Top of Data for review
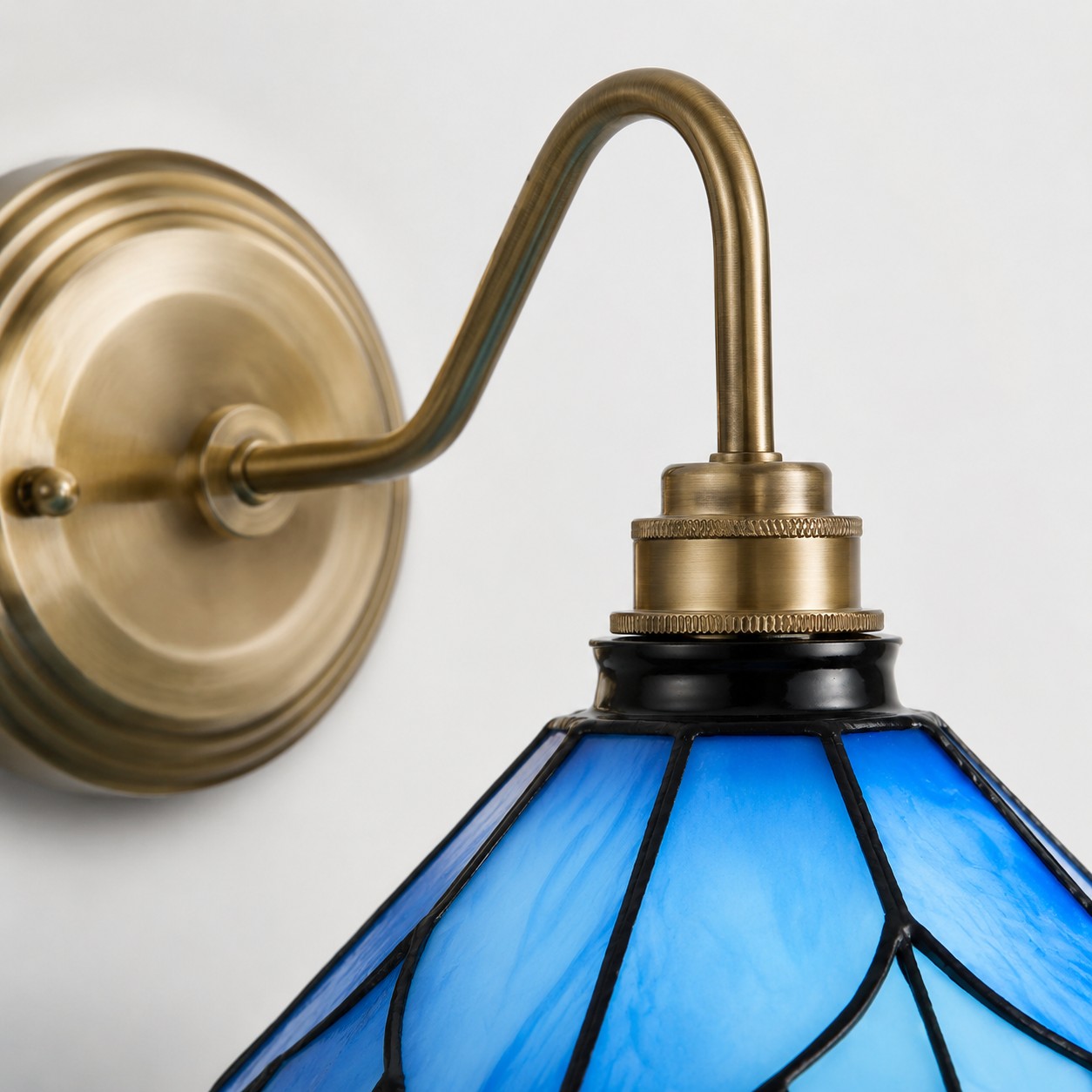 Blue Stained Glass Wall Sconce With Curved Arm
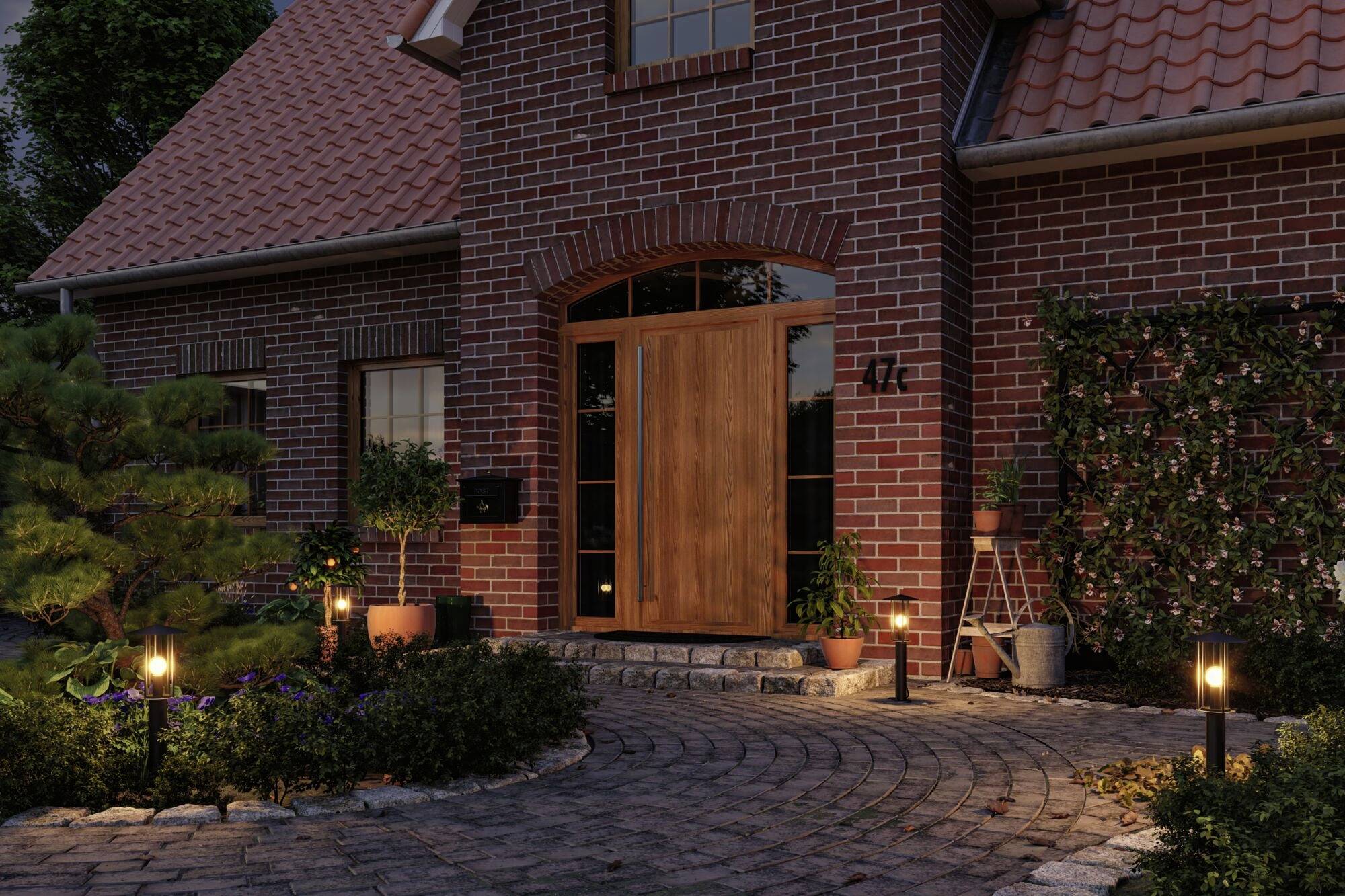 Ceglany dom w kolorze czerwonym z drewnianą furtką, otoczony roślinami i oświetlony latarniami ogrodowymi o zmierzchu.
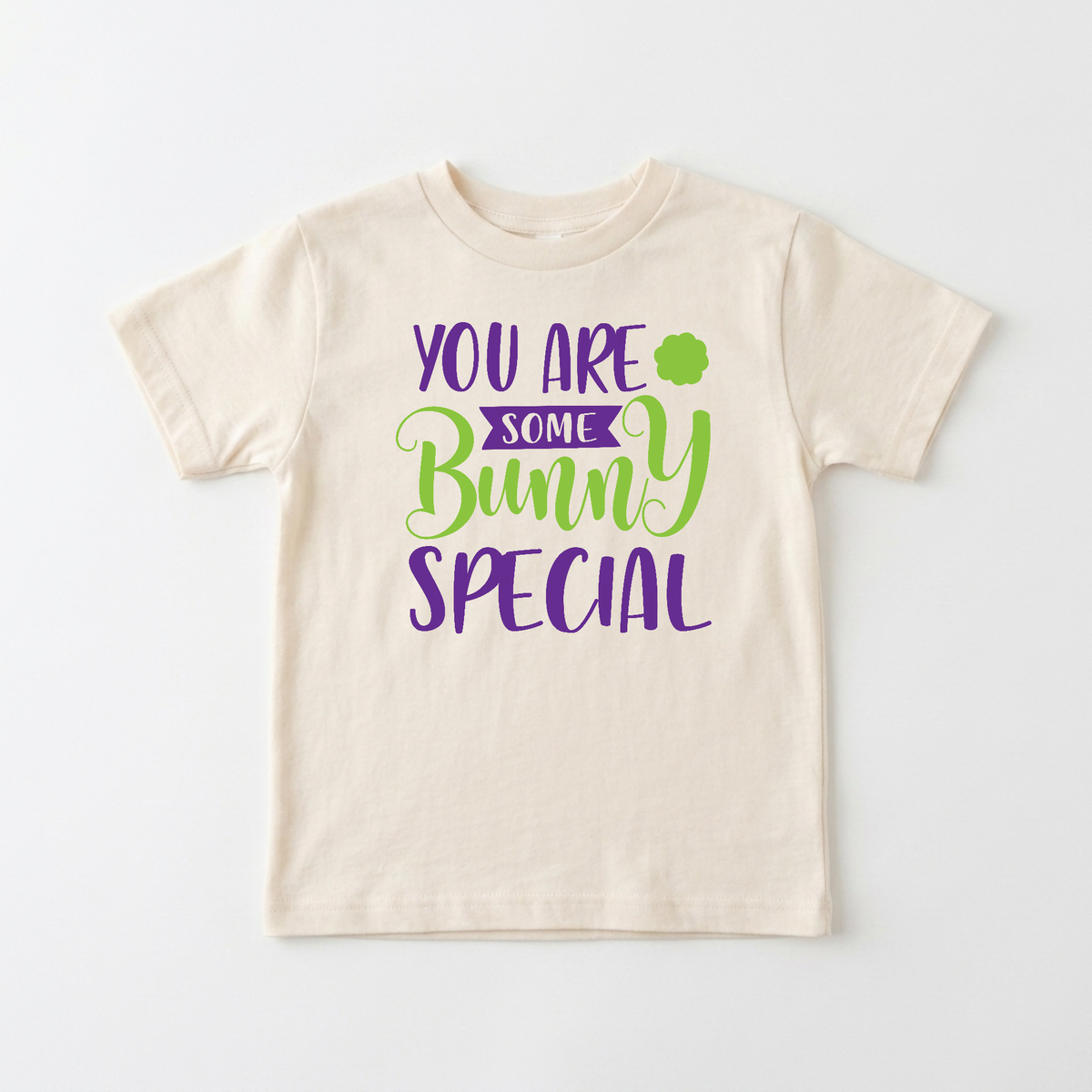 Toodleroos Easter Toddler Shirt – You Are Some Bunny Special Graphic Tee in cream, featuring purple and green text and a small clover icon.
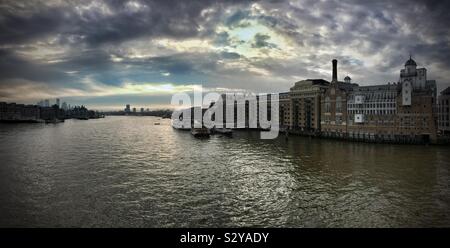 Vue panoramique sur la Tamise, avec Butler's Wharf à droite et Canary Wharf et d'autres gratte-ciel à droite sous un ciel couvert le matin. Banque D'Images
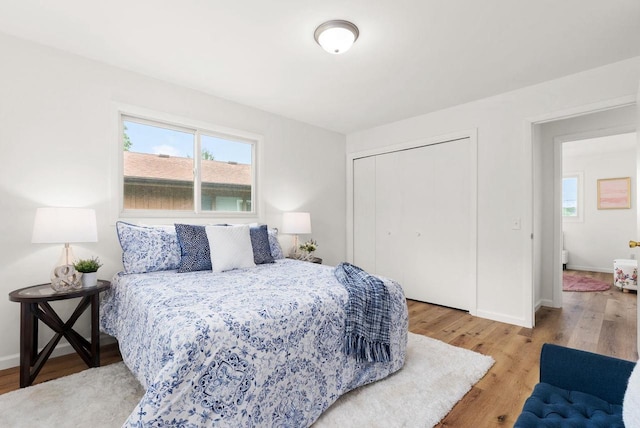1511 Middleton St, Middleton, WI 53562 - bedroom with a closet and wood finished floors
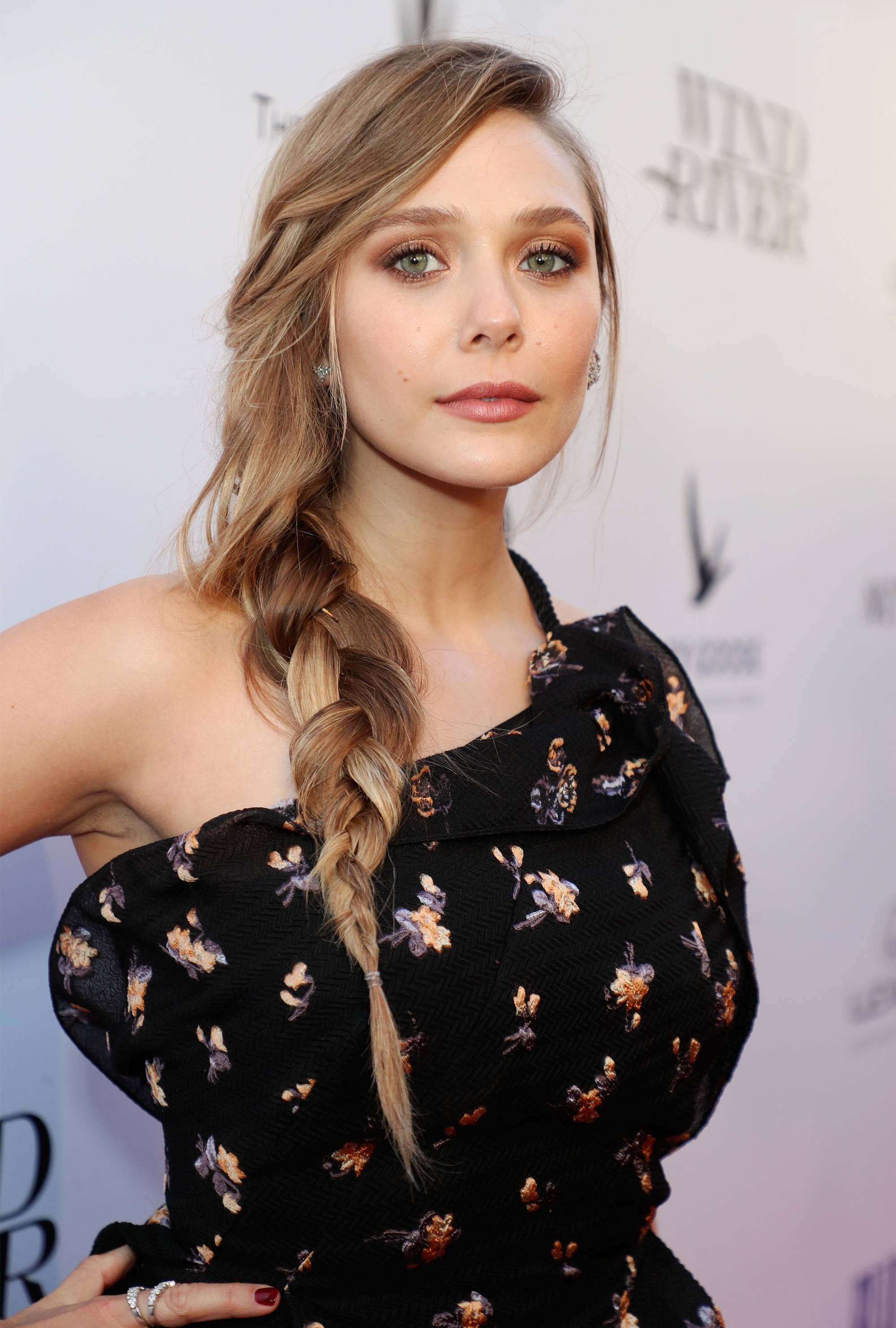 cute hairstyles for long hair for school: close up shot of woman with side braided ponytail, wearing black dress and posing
Bottom of Data for review
What the task asks: Give back each entry exactly as it appears. Leave pictures out.

Written solution:
 Blue Stained Glass Wall Sconce With Curved Arm
 Ceglany dom w kolorze czerwonym z drewnianą furtką, otoczony roślinami i oświetlony latarniami ogrodowymi o zmierzchu.
 Toodleroos Easter Toddler Shirt – You Are Some Bunny Special Graphic Tee in cream, featuring purple and green text and a small clover icon.
 Vue panoramique sur la Tamise, avec Butler's Wharf à droite et Canary Wharf et d'autres gratte-ciel à droite sous un ciel couvert le matin. Banque D'Images
1511 Middleton St, Middleton, WI 53562 - bedroom with a closet and wood finished floors
 cute hairstyles for long hair for school: close up shot of woman with side braided ponytail, wearing black dress and posing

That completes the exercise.